The Inuit, a group of culturally similar people native to Greenland and other Arctic regions in Canada and Alaska, are known for their low rates of heart disease and diabetes despite their high intake of marine animal fat, which includes high amounts of omega-3 fatty acids. In fact, it was the Inuit diet that initially led researchers to propose that omega-3s from fish may play an important role in protecting against heart disease. Since then, some—but not all—studies have indicated that the protective role of omega-3s is more limited than initially thought. Now, NPR has reported on a study that adds a new perspective on the omega-3–heart disease debate: the Inuit may have genetic adaptations that contribute to their ability to balance the levels of omega-3 and omega-6 fats in their bodies. Published in the journal Science, the study looked at 191 Greenlandic Inuit with less than 5% European ancestry, 60 individuals of European ancestry, and 44 individuals of Han Chinese ancestry. The researchers discovered that nearly all of the Inuit had genetic variants that limited their body’s production of certain types of omega-3 and omega-6 fats.

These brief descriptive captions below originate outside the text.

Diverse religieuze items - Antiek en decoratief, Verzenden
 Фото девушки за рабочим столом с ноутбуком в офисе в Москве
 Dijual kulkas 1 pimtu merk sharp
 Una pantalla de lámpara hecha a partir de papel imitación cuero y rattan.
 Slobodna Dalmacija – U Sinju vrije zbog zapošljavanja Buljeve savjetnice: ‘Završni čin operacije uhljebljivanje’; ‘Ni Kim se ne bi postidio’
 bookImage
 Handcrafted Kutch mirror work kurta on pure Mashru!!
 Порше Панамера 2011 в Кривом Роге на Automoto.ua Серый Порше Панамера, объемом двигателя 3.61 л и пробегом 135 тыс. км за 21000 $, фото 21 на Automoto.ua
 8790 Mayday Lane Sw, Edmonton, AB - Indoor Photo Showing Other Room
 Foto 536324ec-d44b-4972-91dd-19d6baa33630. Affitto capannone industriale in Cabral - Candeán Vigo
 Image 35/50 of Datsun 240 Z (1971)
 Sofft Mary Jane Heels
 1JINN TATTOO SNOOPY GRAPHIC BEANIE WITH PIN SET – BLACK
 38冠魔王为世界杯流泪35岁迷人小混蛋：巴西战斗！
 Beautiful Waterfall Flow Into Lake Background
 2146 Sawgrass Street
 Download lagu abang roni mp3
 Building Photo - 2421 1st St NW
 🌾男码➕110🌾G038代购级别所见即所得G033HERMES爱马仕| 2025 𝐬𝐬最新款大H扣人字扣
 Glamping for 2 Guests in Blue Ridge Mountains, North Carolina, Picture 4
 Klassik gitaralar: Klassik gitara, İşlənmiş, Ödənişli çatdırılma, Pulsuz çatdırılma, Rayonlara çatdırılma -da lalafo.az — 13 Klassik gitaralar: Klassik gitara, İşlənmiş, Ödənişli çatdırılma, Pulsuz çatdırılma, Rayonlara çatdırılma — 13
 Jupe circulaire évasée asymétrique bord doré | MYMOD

Only about 3% of the Europeans and 15% of the Chinese in the study had the same genetic variants. Interestingly, these variants were also strongly associated with height—having the mutations was associated with a reduction of height by almost an inch.

Nevertheless, an important question still remains: did these genes evolve to handle large amounts of fats (including omega-3s) in the Inuit diet, or did they evolve in response to some other environmental condition? It’s difficult to understand all of the different effects of these particular genes, as they play a role in multiple processes throughout the body. It’s also important to note that the study did not specifically address the relationship between the gene mutations, omega-3s, and heart disease. There is still good evidence to suggest that, in the absence of a seafood-rich diet, supplementing with fish oil may still offer important health benefits.